Required work :: Only a number is wanted here: how many lines in the entries below contain the word "نرخی".

Available data ::
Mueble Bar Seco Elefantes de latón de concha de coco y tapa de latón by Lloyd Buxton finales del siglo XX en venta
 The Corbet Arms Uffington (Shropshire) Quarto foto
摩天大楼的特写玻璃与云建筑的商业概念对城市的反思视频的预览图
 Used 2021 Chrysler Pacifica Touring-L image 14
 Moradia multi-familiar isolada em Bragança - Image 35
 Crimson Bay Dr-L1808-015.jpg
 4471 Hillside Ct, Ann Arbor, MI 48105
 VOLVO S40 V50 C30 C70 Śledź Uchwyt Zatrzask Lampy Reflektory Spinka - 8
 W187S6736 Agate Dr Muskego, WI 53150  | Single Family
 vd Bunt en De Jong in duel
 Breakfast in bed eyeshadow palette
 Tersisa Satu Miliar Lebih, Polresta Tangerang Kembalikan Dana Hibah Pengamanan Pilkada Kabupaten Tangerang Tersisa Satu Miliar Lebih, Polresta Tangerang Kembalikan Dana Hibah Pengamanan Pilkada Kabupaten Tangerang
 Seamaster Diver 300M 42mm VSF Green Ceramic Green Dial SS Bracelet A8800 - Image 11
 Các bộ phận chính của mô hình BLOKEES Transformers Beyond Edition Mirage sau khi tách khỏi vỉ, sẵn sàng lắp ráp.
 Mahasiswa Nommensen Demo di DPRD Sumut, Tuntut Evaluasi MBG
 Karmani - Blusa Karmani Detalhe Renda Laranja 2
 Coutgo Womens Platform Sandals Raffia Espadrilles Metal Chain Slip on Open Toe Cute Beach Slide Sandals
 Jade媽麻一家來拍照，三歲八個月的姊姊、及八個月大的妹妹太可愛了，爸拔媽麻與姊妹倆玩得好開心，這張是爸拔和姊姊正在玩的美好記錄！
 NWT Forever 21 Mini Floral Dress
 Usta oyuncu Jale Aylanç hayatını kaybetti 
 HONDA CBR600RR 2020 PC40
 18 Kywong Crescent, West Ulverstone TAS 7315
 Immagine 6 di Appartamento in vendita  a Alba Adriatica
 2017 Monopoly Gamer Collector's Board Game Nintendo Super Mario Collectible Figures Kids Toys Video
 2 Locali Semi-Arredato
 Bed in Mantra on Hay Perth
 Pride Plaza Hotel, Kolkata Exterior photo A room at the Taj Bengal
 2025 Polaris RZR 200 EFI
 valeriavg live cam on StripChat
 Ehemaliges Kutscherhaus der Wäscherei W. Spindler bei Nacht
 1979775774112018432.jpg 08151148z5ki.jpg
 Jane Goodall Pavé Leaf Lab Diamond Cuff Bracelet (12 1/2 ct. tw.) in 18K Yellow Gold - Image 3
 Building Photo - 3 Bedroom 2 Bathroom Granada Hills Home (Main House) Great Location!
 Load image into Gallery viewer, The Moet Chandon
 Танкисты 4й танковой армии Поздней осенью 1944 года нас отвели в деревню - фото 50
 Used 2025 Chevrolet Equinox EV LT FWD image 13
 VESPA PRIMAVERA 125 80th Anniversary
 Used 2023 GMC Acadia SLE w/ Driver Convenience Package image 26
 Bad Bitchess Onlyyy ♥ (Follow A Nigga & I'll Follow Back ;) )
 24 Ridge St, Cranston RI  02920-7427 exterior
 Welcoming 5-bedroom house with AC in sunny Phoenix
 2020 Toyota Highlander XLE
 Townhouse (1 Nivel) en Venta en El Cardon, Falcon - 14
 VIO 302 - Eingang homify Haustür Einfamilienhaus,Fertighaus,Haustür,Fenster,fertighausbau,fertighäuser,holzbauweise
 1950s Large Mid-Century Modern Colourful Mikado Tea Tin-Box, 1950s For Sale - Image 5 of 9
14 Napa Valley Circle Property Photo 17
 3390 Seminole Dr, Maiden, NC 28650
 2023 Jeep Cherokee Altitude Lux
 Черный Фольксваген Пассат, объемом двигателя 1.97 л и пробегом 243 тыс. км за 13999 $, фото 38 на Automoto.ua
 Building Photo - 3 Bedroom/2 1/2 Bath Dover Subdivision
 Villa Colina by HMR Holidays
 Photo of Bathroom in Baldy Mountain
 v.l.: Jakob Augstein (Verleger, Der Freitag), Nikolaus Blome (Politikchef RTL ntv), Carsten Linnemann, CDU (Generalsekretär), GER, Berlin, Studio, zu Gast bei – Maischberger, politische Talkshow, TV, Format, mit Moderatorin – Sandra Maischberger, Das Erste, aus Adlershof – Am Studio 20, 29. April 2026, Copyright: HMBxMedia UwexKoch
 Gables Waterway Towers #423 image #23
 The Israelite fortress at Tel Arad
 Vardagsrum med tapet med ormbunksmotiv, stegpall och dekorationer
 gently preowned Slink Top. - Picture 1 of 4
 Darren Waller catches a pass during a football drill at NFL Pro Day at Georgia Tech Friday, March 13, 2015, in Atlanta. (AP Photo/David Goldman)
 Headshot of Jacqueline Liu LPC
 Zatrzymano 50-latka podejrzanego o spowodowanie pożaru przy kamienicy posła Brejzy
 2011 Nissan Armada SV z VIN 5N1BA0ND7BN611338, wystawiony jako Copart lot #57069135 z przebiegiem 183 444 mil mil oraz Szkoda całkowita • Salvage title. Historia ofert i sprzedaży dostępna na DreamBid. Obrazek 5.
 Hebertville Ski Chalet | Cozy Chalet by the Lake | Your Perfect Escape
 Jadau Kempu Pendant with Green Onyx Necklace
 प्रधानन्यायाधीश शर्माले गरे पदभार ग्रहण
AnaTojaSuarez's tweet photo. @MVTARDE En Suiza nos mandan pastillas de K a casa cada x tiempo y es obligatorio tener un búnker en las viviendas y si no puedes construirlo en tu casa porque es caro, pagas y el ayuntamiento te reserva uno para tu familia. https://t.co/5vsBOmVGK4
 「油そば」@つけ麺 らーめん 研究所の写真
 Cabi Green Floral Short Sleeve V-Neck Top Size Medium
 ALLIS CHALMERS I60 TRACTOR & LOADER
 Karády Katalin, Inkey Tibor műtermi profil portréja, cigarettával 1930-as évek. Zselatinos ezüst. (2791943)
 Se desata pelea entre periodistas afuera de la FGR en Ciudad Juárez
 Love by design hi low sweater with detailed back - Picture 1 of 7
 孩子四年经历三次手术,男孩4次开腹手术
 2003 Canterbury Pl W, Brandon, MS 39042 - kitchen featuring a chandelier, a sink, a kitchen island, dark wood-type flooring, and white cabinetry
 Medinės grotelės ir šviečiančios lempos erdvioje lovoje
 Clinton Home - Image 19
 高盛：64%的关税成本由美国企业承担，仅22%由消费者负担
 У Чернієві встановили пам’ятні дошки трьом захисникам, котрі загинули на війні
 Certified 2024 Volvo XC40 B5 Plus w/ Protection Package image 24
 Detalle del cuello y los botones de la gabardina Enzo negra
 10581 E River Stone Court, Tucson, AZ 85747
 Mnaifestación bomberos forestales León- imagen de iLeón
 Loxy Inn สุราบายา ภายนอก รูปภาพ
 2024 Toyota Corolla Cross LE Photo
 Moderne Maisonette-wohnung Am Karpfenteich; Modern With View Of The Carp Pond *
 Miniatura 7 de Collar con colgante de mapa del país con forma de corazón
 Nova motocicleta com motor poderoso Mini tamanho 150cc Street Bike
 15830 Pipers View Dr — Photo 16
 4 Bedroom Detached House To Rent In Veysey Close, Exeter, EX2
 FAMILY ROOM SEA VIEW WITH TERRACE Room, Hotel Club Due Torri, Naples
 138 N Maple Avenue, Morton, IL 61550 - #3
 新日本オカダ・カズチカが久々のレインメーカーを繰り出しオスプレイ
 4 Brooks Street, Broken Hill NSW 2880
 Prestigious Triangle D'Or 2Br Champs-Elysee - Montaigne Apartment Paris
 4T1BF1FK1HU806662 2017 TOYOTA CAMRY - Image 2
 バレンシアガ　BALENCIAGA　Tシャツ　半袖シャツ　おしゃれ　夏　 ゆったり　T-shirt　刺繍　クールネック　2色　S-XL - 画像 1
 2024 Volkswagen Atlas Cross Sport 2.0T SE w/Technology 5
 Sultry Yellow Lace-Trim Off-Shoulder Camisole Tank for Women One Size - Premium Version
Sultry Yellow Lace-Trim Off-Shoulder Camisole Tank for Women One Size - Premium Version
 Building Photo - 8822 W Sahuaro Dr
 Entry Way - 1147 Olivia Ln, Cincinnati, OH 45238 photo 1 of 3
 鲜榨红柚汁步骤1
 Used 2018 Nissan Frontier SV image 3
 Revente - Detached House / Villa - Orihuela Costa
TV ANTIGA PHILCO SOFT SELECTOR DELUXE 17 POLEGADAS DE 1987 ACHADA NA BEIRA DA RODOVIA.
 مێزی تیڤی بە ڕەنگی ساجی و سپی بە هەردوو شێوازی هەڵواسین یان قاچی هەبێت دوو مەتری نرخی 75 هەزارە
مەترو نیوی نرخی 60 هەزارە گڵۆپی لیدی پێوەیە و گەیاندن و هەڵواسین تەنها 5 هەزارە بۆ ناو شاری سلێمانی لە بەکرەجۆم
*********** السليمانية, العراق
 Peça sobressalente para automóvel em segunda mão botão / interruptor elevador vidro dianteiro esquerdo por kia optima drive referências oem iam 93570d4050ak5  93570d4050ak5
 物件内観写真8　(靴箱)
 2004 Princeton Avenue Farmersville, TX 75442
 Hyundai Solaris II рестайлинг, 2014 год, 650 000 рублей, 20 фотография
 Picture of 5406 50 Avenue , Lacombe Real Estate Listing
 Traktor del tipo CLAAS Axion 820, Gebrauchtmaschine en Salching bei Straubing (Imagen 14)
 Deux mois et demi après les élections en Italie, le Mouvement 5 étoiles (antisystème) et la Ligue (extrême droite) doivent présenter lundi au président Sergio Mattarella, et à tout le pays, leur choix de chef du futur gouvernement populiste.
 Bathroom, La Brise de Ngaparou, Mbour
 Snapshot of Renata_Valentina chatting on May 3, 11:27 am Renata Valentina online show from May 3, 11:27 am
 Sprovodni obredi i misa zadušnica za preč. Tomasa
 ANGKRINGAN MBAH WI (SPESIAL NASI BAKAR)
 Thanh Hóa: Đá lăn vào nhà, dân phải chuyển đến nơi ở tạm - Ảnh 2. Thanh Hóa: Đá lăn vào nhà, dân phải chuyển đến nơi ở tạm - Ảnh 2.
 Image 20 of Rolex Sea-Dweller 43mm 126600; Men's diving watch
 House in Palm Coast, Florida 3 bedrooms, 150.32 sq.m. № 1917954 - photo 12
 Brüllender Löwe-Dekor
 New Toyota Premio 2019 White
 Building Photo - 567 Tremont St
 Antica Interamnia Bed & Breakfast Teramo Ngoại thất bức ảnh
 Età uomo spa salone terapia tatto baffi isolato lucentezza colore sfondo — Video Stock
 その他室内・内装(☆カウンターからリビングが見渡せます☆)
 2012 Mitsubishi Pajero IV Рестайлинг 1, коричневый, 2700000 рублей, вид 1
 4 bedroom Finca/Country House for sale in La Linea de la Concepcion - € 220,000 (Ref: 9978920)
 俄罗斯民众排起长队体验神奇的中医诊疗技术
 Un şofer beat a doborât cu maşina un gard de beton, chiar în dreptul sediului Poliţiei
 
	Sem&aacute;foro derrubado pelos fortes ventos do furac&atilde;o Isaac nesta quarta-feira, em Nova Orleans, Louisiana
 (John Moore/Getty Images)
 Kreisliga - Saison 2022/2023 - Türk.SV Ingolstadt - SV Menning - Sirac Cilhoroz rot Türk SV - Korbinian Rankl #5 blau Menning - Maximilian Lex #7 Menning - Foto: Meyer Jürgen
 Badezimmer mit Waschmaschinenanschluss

Reply :: 2